Data records:
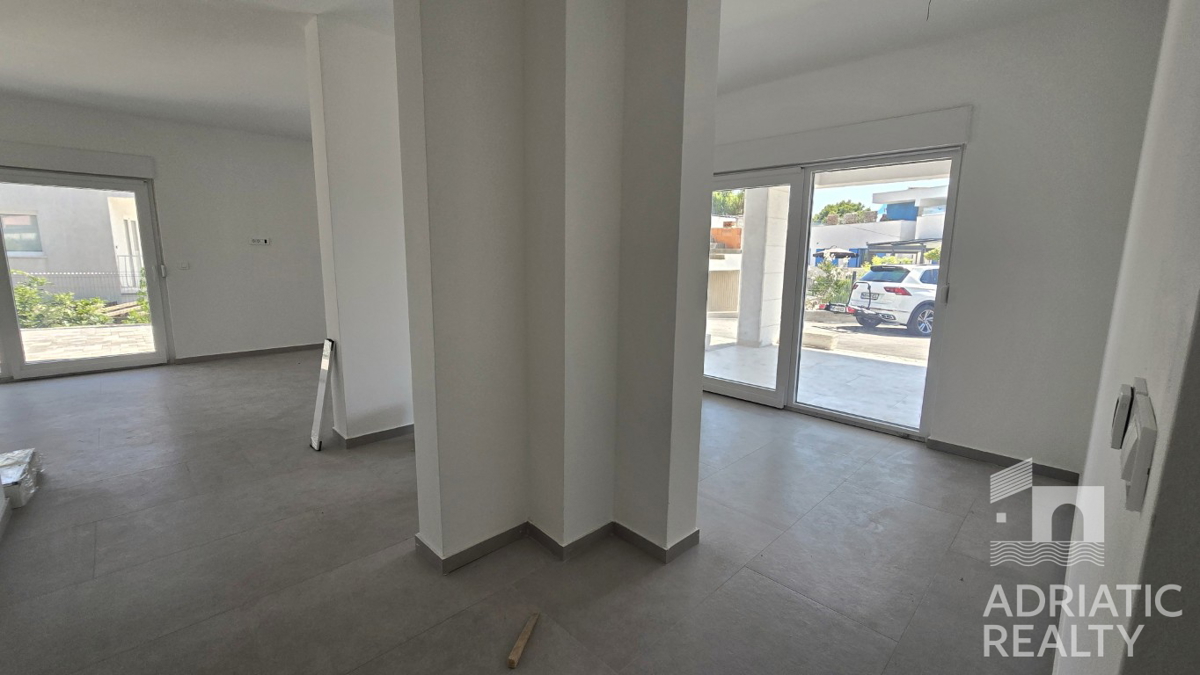 Otok Murter, Jezera, trisobno stanovanje z dvema terasama in vrtom, blizu centra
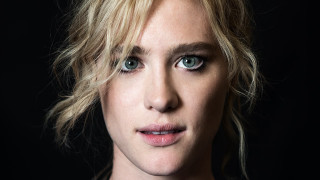 Blonde blueeyes serious portrait photorealistic - her face and shoulder free wallpaper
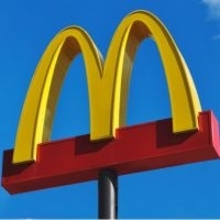 マクドナルド、約6割を10～50円値上げ   “500円セット”は据え置き、25日から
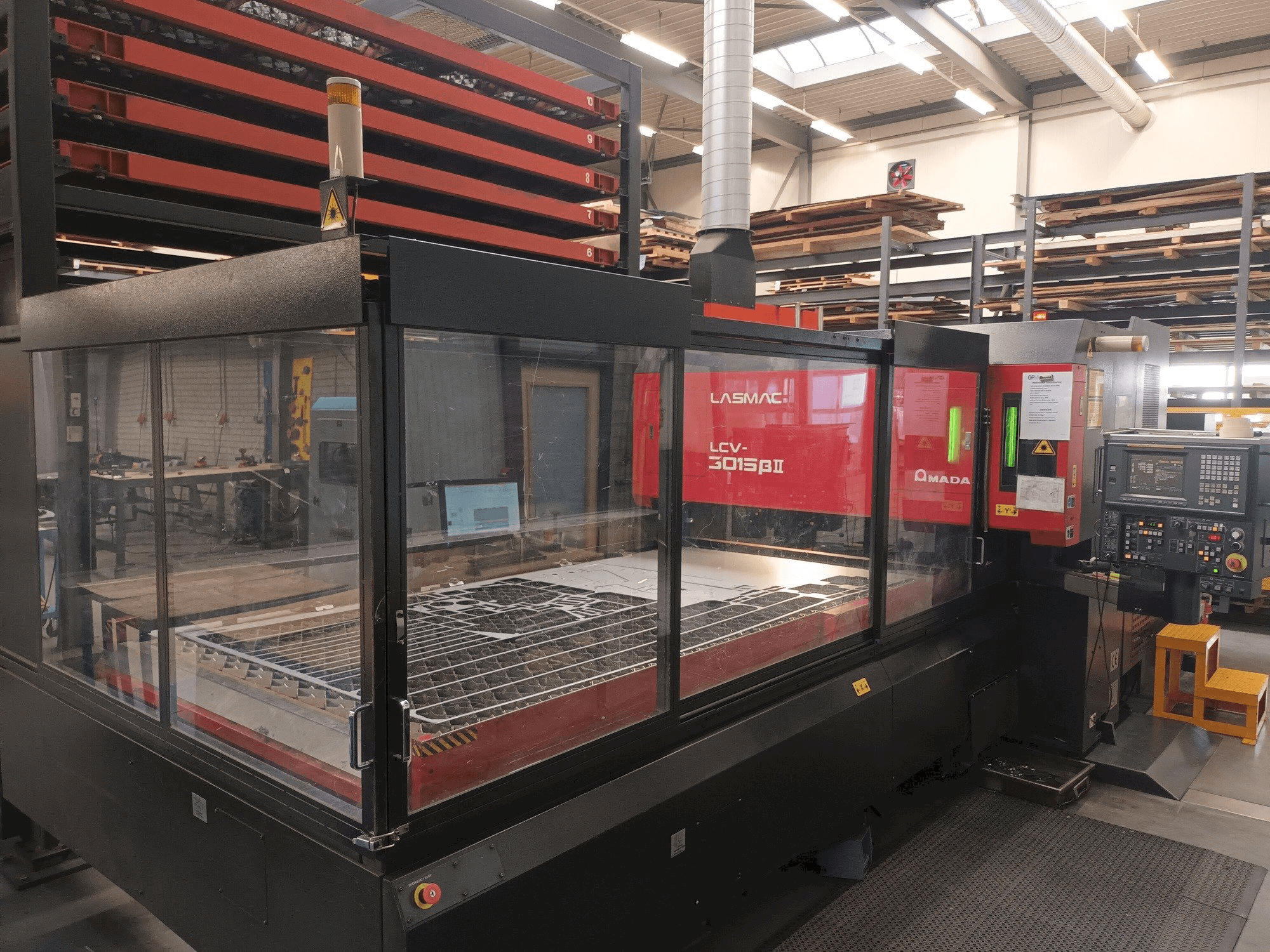 Frontansicht der AMADA LCV 3015 3KW + Automation/storage Maschine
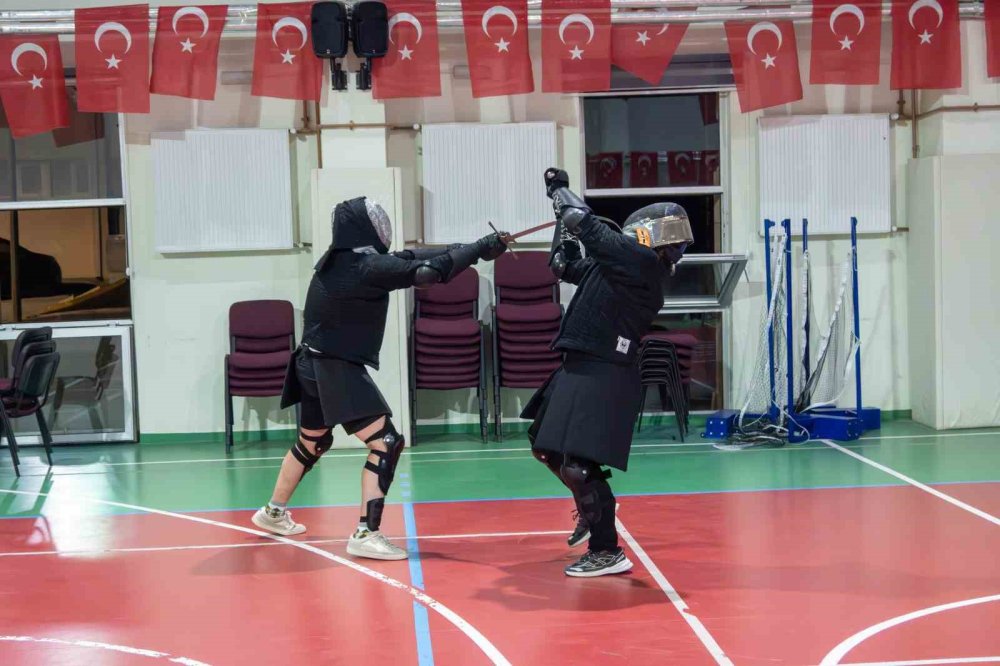 Tarihi Savaş Sanatını Yaşatıyorlar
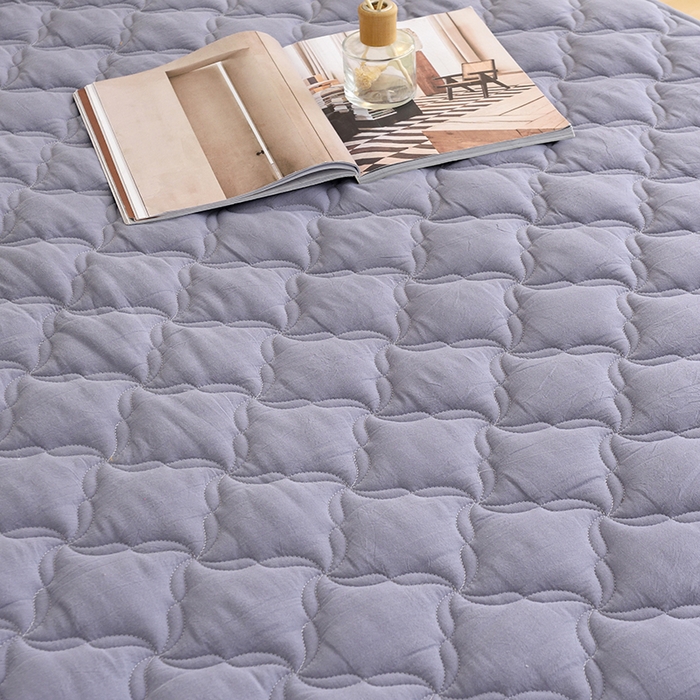 91家纺网 家纺一手货源 找家纺 3C 2024新款风车抗菌水洗棉床裙  蓝灰色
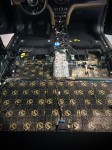 Podłoga kabiny Mini Cooper starannie pokryta pierwszą warstwą izolacji w postaci maty marki Bitmat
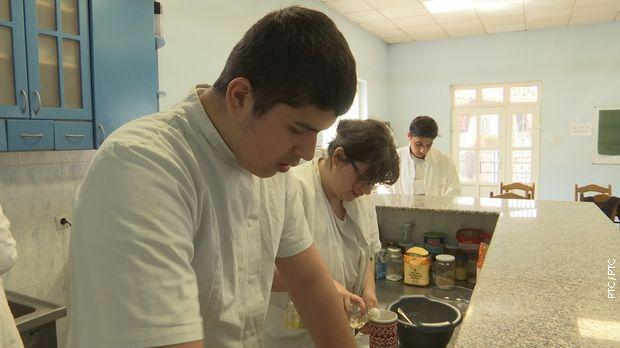 Инклузија: Наша срећа се радом ствара (R)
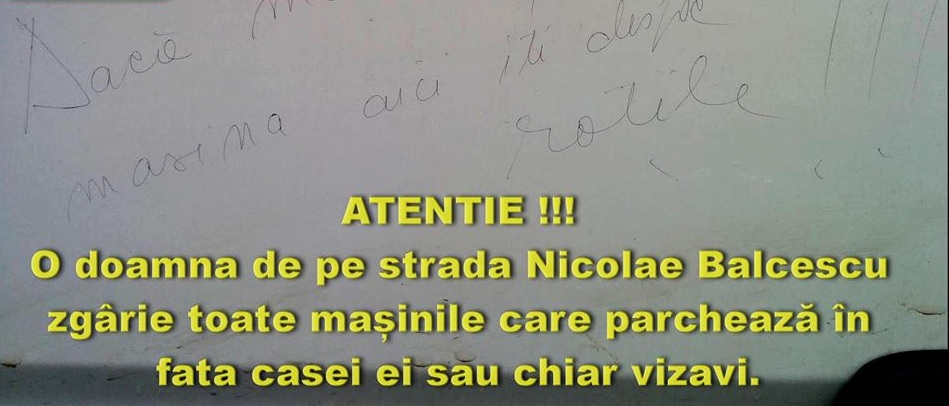 Răzbunarea unei sătmărence pe șoferi. Le scrie direct pe mașini (FOTO)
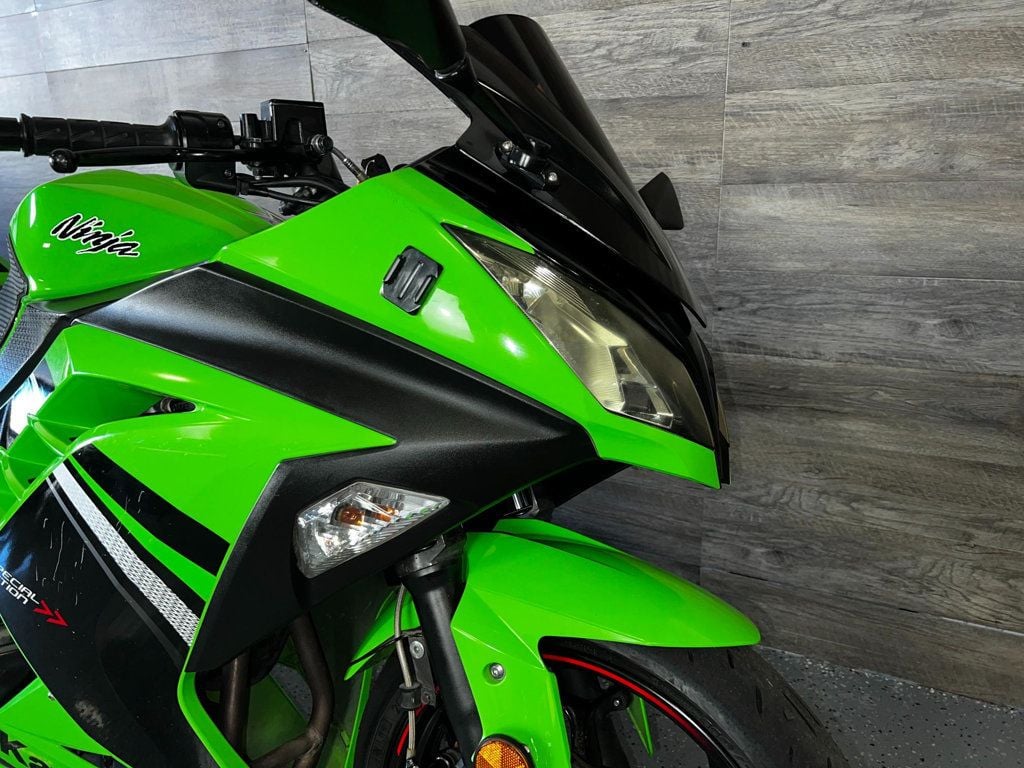 2014 Kawasaki Ninja 300 Special Edition LOW MILES! - 22637995 - 3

Work item: Please retype the data exactly as it appears, but without any of its pictures.

Answer:
 Otok Murter, Jezera, trisobno stanovanje z dvema terasama in vrtom, blizu centra
 Blonde blueeyes serious portrait photorealistic - her face and shoulder free wallpaper
 マクドナルド、約6割を10～50円値上げ   “500円セット”は据え置き、25日から
 Frontansicht der AMADA LCV 3015 3KW + Automation/storage Maschine
 Tarihi Savaş Sanatını Yaşatıyorlar
 91家纺网 家纺一手货源 找家纺 3C 2024新款风车抗菌水洗棉床裙  蓝灰色
 Podłoga kabiny Mini Cooper starannie pokryta pierwszą warstwą izolacji w postaci maty marki Bitmat
 Инклузија: Наша срећа се радом ствара (R)
 Răzbunarea unei sătmărence pe șoferi. Le scrie direct pe mașini (FOTO)
 2014 Kawasaki Ninja 300 Special Edition LOW MILES! - 22637995 - 3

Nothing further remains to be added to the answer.